June 2, 2026

Welcome to Antumbra Press

The name comes from astronomy. During a solar eclipse, the moon’s shadow has three parts: the umbra is the deep dark center, the penumbra is the soft halo around it, and the antumbra is the bright outer ring, the place beyond the obscuring body where the light is no longer fully covered.

I picked it because the series I’m publishing is called Heirs of the Eclipse, and “Antumbra” was the only name in my long list of candidates that earned its way in by meaning something rather than just sounding nice. The press is named for the part of the eclipse where the light comes back.

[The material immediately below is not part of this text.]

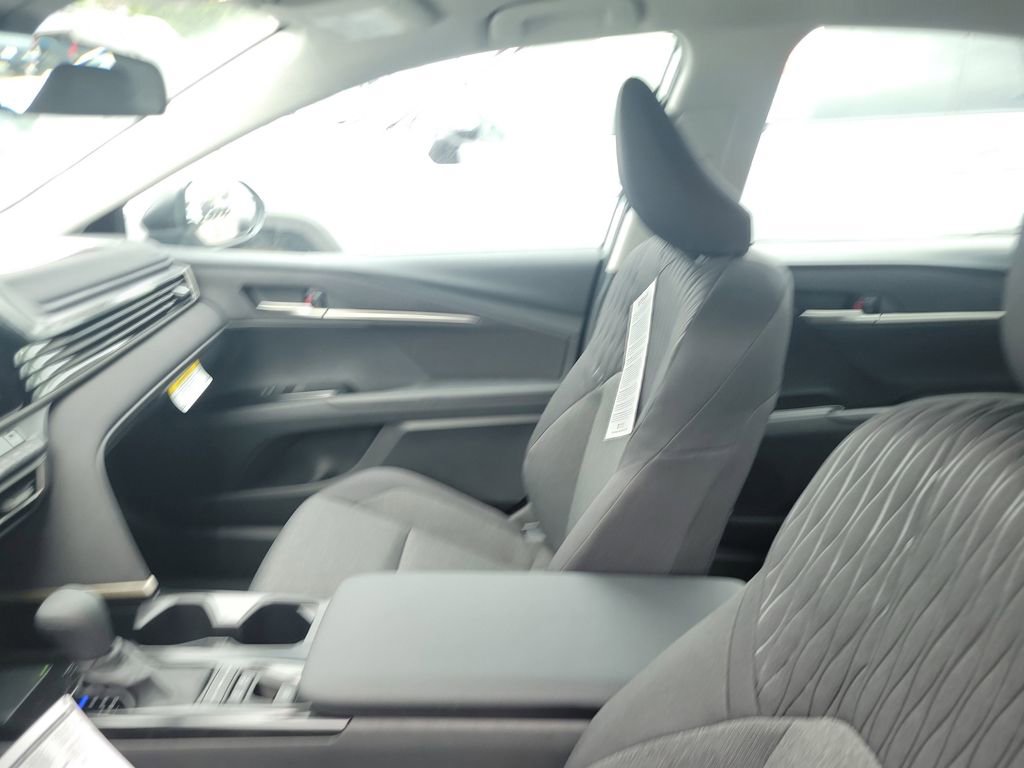 New 2026 Toyota Camry LE image 18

Antumbra Press is a one-person indie operation. There is no LLC, no office, no staff. It’s a DBA: a publisher-of-record name on a copyright page, registered with Bowker, attached to a domain. It exists because I’d rather see “Published by Antumbra Press” on the back of a book I wrote than “Independently published” with no house behind it. That’s the whole reason. If you’re a writer thinking about doing the same: it cost me $295 for a Bowker ISBN ten-pack, the price of the domain, and an evening at the kitchen table picking a name. The imprint is mostly a posture. I think the posture matters.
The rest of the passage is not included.